Stored data entries
- - -
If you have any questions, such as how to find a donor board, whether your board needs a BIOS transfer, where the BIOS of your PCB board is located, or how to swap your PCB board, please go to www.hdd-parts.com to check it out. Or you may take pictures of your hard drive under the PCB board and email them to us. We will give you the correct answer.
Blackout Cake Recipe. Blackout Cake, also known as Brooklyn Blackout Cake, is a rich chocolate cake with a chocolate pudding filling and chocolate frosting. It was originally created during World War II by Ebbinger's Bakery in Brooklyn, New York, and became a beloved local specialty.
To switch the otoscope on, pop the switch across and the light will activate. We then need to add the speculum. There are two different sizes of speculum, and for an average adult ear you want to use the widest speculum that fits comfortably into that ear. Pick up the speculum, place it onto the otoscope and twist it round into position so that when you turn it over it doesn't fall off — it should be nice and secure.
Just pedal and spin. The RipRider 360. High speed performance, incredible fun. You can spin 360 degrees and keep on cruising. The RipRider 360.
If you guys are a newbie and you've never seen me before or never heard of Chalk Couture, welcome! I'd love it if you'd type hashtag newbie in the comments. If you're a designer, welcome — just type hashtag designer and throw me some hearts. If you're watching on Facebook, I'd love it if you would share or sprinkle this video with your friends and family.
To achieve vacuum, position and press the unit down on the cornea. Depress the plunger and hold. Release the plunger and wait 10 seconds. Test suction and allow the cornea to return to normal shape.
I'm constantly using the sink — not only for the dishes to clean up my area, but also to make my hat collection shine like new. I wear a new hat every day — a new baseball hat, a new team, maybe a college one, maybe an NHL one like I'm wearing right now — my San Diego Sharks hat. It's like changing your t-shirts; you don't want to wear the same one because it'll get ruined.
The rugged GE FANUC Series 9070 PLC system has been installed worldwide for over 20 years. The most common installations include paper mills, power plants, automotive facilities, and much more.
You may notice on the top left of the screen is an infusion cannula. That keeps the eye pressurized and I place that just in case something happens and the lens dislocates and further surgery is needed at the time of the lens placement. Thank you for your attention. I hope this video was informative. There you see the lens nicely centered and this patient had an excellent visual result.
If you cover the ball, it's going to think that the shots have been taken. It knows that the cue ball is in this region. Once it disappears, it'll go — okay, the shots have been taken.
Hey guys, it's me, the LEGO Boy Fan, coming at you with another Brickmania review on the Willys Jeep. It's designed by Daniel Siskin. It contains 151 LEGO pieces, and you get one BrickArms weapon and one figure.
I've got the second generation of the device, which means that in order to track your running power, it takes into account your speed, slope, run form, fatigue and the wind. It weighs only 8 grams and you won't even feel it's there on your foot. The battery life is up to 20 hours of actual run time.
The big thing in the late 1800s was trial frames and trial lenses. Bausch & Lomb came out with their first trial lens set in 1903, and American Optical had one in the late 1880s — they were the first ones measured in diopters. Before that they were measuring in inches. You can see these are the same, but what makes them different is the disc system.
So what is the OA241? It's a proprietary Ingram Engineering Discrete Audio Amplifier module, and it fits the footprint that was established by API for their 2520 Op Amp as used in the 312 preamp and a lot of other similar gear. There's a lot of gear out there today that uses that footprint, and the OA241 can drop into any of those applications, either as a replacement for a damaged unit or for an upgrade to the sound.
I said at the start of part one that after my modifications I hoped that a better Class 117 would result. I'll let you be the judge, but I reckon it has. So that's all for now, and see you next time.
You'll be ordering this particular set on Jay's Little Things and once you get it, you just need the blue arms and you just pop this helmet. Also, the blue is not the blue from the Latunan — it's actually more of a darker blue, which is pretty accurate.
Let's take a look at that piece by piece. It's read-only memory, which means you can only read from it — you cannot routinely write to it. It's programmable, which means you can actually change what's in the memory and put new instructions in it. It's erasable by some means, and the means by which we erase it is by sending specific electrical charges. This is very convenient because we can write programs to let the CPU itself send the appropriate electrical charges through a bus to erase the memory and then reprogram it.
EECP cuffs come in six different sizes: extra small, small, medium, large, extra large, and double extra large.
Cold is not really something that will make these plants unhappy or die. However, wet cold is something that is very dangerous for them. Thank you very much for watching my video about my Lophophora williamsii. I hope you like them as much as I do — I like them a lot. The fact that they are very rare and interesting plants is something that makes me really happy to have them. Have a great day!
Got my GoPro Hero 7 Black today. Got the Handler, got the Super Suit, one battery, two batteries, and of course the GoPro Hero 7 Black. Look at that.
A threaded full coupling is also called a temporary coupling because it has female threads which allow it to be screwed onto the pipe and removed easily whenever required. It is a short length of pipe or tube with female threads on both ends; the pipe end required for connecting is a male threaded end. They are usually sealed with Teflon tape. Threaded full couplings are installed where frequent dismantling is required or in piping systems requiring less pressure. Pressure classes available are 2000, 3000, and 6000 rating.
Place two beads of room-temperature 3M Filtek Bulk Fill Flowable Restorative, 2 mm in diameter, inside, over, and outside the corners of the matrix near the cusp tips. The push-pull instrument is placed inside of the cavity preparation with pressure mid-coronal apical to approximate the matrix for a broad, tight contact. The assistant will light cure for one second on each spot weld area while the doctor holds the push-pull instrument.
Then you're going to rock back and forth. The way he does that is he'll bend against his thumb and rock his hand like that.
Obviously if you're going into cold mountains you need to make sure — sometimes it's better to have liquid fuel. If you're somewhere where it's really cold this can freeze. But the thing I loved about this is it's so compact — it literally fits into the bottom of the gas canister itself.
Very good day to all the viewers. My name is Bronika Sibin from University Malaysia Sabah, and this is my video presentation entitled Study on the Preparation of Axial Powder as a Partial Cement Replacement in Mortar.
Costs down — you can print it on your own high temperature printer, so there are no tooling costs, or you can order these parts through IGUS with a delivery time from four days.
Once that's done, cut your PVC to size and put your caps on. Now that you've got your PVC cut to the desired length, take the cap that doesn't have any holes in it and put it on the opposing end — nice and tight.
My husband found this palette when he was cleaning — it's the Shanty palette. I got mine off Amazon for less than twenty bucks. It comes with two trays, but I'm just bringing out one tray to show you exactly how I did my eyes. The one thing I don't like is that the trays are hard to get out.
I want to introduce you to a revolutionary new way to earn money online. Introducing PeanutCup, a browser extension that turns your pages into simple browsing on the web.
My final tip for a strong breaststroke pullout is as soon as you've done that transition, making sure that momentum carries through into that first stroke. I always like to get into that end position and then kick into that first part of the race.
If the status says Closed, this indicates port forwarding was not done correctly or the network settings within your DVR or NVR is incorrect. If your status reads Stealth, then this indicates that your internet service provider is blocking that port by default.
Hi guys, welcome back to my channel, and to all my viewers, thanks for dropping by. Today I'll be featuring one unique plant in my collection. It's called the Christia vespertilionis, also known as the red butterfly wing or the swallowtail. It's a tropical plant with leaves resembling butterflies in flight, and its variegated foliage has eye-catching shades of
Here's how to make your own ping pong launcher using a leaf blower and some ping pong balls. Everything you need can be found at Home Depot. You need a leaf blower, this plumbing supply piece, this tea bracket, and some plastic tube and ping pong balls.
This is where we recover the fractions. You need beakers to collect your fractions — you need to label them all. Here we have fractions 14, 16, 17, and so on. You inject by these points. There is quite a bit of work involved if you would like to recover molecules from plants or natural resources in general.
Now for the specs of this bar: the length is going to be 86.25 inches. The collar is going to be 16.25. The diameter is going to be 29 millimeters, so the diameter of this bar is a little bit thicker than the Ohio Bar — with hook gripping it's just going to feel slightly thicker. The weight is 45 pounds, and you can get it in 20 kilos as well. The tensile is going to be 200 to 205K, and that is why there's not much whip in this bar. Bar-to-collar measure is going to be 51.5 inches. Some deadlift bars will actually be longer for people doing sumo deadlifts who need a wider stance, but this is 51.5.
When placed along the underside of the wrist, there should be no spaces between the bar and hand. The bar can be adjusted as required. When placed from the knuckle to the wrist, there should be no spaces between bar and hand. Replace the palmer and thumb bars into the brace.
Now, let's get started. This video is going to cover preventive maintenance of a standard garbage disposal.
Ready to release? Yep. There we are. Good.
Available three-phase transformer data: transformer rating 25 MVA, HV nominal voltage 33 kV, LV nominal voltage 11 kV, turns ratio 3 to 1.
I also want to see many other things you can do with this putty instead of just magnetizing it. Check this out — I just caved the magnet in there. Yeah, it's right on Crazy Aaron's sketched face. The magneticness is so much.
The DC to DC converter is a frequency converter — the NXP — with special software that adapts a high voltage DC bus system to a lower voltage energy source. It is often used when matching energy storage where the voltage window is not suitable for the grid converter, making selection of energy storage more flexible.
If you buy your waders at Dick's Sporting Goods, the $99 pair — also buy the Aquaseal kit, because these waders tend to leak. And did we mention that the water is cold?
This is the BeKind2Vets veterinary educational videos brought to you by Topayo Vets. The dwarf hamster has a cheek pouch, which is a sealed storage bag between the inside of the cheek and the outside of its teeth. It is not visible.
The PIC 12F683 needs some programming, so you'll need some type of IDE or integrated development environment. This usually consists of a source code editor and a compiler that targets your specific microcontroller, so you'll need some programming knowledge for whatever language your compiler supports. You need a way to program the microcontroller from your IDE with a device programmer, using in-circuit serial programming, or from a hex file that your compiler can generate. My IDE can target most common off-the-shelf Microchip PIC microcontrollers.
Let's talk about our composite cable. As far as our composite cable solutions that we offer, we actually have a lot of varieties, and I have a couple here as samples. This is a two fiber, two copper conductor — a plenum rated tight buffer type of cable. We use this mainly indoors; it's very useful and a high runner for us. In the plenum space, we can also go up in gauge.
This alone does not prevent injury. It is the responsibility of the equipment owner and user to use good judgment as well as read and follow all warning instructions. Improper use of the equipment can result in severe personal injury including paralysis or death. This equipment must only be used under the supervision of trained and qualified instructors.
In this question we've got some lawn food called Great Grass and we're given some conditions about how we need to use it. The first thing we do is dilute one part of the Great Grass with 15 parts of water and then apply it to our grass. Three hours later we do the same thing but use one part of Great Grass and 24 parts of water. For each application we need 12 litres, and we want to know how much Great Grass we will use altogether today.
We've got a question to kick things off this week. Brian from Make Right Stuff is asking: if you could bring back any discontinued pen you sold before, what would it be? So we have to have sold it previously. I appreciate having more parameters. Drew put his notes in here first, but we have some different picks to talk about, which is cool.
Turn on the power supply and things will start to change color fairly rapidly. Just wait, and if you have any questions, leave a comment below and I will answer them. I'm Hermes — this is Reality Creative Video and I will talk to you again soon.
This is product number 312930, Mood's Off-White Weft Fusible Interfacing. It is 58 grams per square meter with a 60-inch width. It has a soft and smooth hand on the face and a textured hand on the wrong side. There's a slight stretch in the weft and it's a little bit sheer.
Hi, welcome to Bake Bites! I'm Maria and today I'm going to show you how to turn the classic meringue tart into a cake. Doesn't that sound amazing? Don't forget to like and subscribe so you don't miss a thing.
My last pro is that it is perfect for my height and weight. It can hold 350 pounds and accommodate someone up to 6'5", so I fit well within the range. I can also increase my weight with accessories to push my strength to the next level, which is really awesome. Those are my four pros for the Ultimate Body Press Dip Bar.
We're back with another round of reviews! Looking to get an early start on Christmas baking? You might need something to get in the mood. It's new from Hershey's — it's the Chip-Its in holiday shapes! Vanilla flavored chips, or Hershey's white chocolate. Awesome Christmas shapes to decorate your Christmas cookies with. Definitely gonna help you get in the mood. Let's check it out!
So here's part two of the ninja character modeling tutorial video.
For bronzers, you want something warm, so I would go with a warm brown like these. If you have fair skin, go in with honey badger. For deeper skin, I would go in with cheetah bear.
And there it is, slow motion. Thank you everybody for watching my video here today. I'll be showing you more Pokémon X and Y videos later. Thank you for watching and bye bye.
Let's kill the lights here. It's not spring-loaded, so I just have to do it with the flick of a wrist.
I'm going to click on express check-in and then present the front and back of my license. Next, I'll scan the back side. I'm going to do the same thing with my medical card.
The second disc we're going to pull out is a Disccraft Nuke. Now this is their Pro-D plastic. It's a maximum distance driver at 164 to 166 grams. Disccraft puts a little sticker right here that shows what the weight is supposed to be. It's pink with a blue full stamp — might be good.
- - -
## Task item
Only those lines of the entries above that run from the line containing "This alone does" to the line containing "In this question", both included, should be transcribed exactly.

## Reply to the exercise
This alone does not prevent injury. It is the responsibility of the equipment owner and user to use good judgment as well as read and follow all warning instructions. Improper use of the equipment can result in severe personal injury including paralysis or death. This equipment must only be used under the supervision of trained and qualified instructors.
In this question we've got some lawn food called Great Grass and we're given some conditions about how we need to use it. The first thing we do is dilute one part of the Great Grass with 15 parts of water and then apply it to our grass. Three hours later we do the same thing but use one part of Great Grass and 24 parts of water. For each application we need 12 litres, and we want to know how much Great Grass we will use altogether today.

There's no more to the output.